Many modern devices equipped with cameras may not be as secure as we thought, according to a new study. Any hacker would indeed be able to spy on you from your smartphone camera or your webcam, including through walls.

A person spying behind a wall 

Kevin Fu is a professor specializing in cybersecurity at Northeastern University. As part of a recent study, the latter developed a technique to capture video from any camera through a wall in real time. Called Electromagnetic Eye (EM Eye), this process would be within the reach of anyone with skills in the field of engineering.

Looking at the results of this survey, it becomes apparent that most modern cameras do not respect user privacy. In reality, the devices used to design these cameras would have flaws in their infrastructure.

Hackers can infiltrate your webcam, even behind a wall…

During this study, Kevin Fu, as well as the members of his team, composed of Yan Long, Qinhong Jiang, Chen Yan, Tobias Alam, Xiaoyu Ji and Wenyuan Xu, all professors at renowned universities, carried out a range of tests before realizing that modern cameras weren’t as secure as we imagined. Note that these experiments were carried out on a wide range of devices intended for general public use (smartphone, webcam, on-board camera, surveillance camera, etc.).

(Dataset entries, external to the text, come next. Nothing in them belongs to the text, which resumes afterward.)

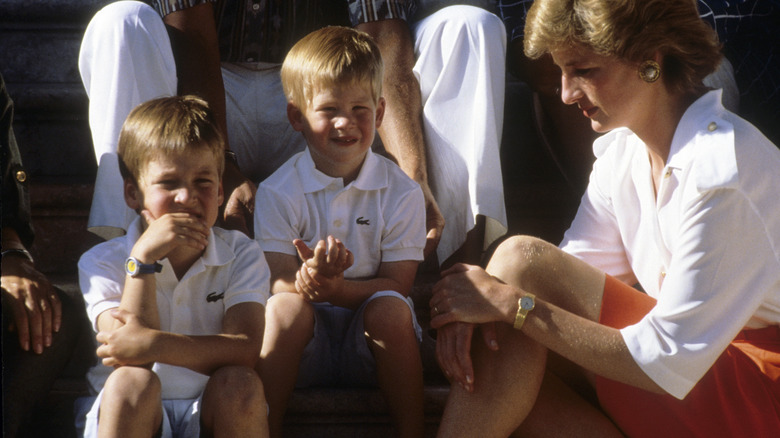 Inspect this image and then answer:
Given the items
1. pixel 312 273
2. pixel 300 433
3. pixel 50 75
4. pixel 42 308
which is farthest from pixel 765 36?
pixel 50 75

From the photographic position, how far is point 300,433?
1.95 meters

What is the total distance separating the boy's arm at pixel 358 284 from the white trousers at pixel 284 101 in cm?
36

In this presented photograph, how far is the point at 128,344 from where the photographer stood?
1.57 meters

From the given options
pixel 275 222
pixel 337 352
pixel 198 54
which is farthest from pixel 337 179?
pixel 198 54

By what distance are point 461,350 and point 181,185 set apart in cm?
63

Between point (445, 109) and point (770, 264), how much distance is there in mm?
1060

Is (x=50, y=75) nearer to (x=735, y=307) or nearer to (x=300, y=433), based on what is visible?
(x=300, y=433)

To get to the heart of the matter, EM Eye is characterized by its fathers as being “a vulnerability in the digital image data transmission interface”, which gives hackers the ability to “reconstruct image streams of high quality from electromagnetic emissions from cameras, even from more than 2 meters away in many cases.”

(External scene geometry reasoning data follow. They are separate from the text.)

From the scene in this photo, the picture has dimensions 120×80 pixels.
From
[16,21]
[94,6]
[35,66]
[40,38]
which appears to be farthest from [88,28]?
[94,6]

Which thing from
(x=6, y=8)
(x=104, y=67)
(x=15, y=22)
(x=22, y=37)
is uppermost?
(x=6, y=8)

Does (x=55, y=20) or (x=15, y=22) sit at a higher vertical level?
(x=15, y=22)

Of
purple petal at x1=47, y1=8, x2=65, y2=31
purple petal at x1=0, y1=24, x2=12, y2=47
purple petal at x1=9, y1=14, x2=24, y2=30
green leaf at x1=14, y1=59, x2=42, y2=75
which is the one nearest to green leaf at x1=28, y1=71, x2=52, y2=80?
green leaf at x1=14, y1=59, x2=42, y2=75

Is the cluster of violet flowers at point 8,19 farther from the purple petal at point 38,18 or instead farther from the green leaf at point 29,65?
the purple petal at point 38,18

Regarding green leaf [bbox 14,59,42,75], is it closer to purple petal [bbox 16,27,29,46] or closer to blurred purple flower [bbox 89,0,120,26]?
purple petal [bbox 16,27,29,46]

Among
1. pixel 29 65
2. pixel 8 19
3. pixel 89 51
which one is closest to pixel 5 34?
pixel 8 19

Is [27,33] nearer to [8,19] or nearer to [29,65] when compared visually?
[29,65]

Although the recovered images were initially distorted, machine learning quickly allowed Fu and his team to obtain a video close to the original.

As mentioned by TechXplore, the source of the problem would not be the camera lens, but rather the cables present inside most modern devices. The discovery of such a process undoubtedly appears to be the materialization of a major concern in the design and production of cameras by manufacturers, especially since the range could easily be extended to several meters, according to Fu.

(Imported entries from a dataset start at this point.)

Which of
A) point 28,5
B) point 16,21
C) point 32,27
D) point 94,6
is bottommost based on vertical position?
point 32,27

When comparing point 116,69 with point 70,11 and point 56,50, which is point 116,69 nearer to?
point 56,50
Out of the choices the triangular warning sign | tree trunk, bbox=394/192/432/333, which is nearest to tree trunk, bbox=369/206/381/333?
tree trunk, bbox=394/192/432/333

A study which tends to protect the privacy of users and to alert manufacturers

In his report, Kevin Fu explains that camera manufacturers do not pay enough attention to the electromagnetic radiation emitted by the cables inside (and which are the origin of this study). However, it was these waves that allowed them to reproduce the video in real time, although it was devoid of sound. Furthermore, know that your camera does not need to record for someone to spy on you.

While obviously not everyone has the skills necessary to hack the video stream of any type of device, it is clear that the process remains surprisingly simple for anyone who has the means and the ability.

It’s not just spy cameras that can spy on you 

With their findings, professors from the different universities are keen to provide manufacturers with new ways to improve camera data transmission protocols. We can now bet that this study carried out by Northeastern University will be enough to alert them, and that protecting the confidentiality of data from detection systems will be more at the heart of their concerns in the future.